Comme beaucoup d’autres métiers celui celui de maréchal ferrant commence à se faire rare. C’est durant cette saison où les paysans éprouvent le besoin de ferrer leurs montures qu’ils vont à la recherche de celui qui continue à chausser ânes et mulets comme au bon vieux temps. Mardi dernier, jour de marché à Aïn El Hammam, notre attention a été attiré par un attroupement hors du commun. Une bousculade et des vociférations, mêlées au braiement des ânes, n’ont pas manqué de regrouper de nombreux curieux, sous le tunnel du marché. Une dizaine d’équidés, tenus par la bride, attendaient leur tour pour s’approcher du maréchal ferrant. Ce dernier, forgeron de son état, profite de sa venue à Aïn El Hammam pour écouler le produit de sa fabrication (haches, pioches), tout en faisant profiter de ses services les fellahs, en ferrant les ânes. Pour “chausser” chaque bête, il se fait aider de son propriétaire, prié de tenir la patte dont il taille le sabot, avant d’installer le fer à l’aide de long clous “qui viennent d’Italie”, nous dit-il, fièrement en nous montrant l’emballage.

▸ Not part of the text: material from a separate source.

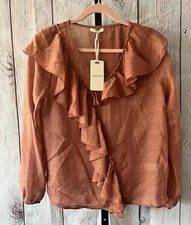 Pleione Women's Ruffled Blouse - Elegant Terracotta Top - Size M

Une quinzaine de minutes suffisent pour ferrer un baudet qui change d’allure, moyennant cinq cents (500) dinars. Bien que les paysans trouvent élevé le prix du travail, ils se gardent d’en parler, sachant que leur monture en a grandement besoin, pour le transport des olives du fond de la vallée jusqu’au village. Les fers leur permettant de mieux adhérer au terrain accidenté et boueux, les bêtes peinent moins. Le forgeron, originaire de la commune d’Ait Khelili, à une trentaine de kilomètres de Michelet, ne vient au marché qu’une fois par semaine. Ce qui explique le nombre important de paysans qui faisaient la chaîne. A dix heures, il avait déjà ferré douze ânes alors que de nombreux autres attendaient leur tour. Signalons que ce métier de “aheddad” n’attire plus les jeunes en quête de formation. Pourtant, les rares forgerons qui le pratiquent ne s’en plaignent pas. Les produits de la forge sont constamment étalés au marché à des prix défiant toute concurrence. Tant qu’il y aura des montagnards qui auront des oliveraies ou qui éprouveront le besoin de nettoyer leurs champs, ils auront toujours recours au forgeron dont les services seront de plus en plus chers.
A. O. T.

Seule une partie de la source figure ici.